Кяхтинский договор – важная веха в истории русско-китайских отношений. Статья первая договора начинается торжественной фразой: «Сей новый договор нарочито сделан, чтоб между обеими империями мир крепчайший был и вечный». И действительно, размененный в Кяхте документ вплоть до середины XIX века служил правовой основой взаимоотношений России с Китаем. В интересах обоих государств договор урегулировал спорные вопросы, ранее вызывавшие трения: оба правительства согласились предать забвению дела о перебежчиках, возникшие до 1727 года, а впредь взаимно обязались производить их немедленную выдачу; подданным обоих государств предоставлялось право беспошлинной торговли; караван с русскими товарами в Пекин договорились отправлять раз в три года; составной частью Кяхтинского договора был Буринский трактат, определивший владения двух государств в районе Монголии.

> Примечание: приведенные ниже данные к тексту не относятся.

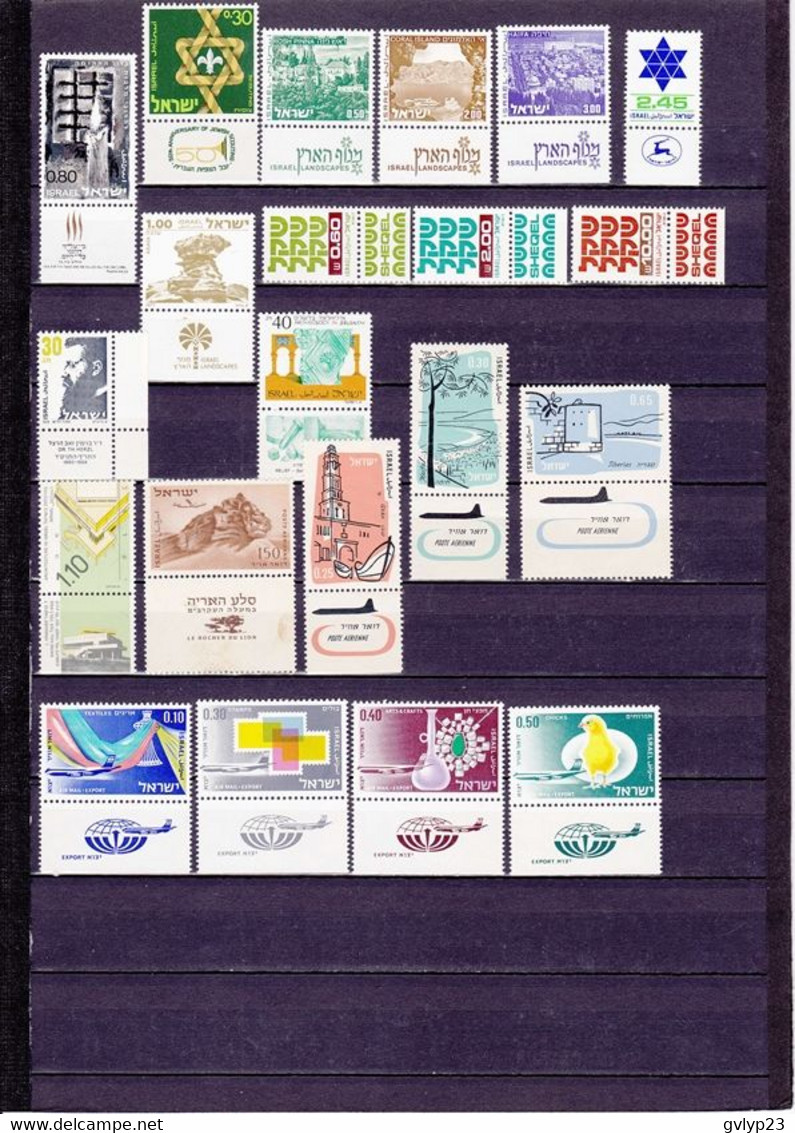 LOT DE 51 TIMBRES NEUF** AVEC TABS - Collections, Lots & Series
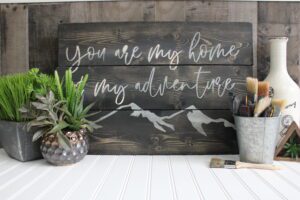 You are my Home and my Adventure (Workshop) (Home)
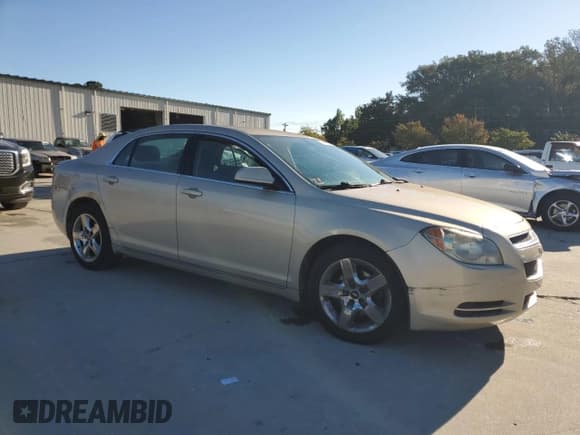 ✅ 2010 Chevrolet Malibu 1LT • VIN: 1G1ZC5E05AF175596 • Lot: 75605114. Listed on Copart with 182,654 mi. Free auction sales archive from the USA and detailed vehicle history report at DreamBid. Image 4.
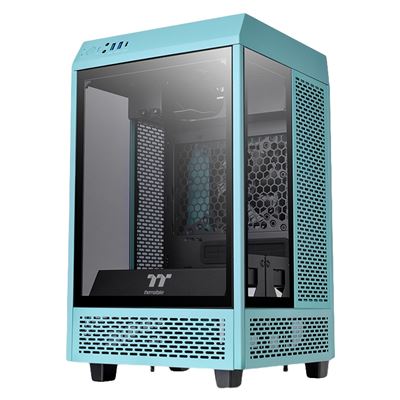 Thermaltake The Tower 100 | Turquesa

В трудных условиях проходили переговоры. И в том, что ни один пункт инструкции чрезвычайному посланнику и полномочному министру не остался невыполненным, несомненная заслуга Саввы Лукича Владиславича-Рагузинского. Он стойко и умело защищал интересы России, отверг территориальные притязания представителей Цинской империи и добился при определении границ применения принципа: «Каждое государство владеет тем, чем оно владеет теперь». Признание дипломатических дарований Саввы Лукича и его заслуг в установлении добрососедских отношений с цинским Китаем выразилось в присвоении ему чина тайного советника и награждении «кавалерией» – орденом Александра Невского. Указ об этом последовал тотчас после получения в Петербурге известий о заключении Буринского трактата и пропуске торгового каравана в Пекин.